This is an important part of the CISSP exam and comprises Section 5 of CISSP domain 2: Asset security.

Technical control

Technical controls are security controls executed by computer systems and can offer automated protection against misuse or unauthorized access to valuable information, facilitate security violation detection, and support requirements of security related to data and applications.

Security system

Information systems security is commonly known as INFOSEC. It refers to the methodologies and processes involved with maintaining the confidentiality of information, making the information available, and guaranteeing its integrity. The security system also involves access controls that prevent entering and accessing any system by unauthorized personnel.

Data security

Data security is an important part of the modern world, where most sensitive information is kept in electronic form. The main aspect of data security implies that both data at rest and in transit is protected and data leak protection is implemented. Moreover, it involves other operational, administrative, and architectural controls. All these measures should be specifically reflected in the coding of the software features.
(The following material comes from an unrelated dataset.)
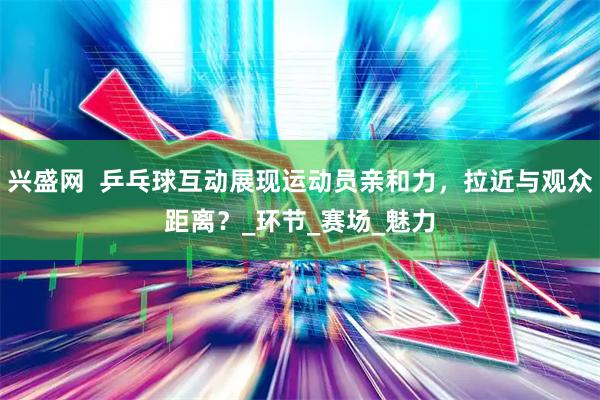 兴盛网  乒乓球互动展现运动员亲和力，拉近与观众距离？_环节_赛场_魅力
The cybersecurity framework includes:

Cryptographic protection
Denial of service protection
Information on shared resources
Protection of information at rest
Transmission confidentiality and integrity
Transmission of security attributes

The above controls have to be implemented by different means, such as processing labels applied to information, software security architecture, appropriate use of cryptography, and error handling.

Data at rest

Data at rest, in general, refers to the data stored in persistent storage. This includes information stored on tape or disk. On the other hand, data in use usually refers to information being processed by the CPU or RAM, i.e. the central processing unit and the random access memory of a computer.

Data in transit

Data in transit can be defined into two distinct categories: data that flows over untrusted or public networks, and data or internet having information flows through a private network (an enterprise or corporate Local Area Network or LAN). Data in motion are also often referred to as data in transit.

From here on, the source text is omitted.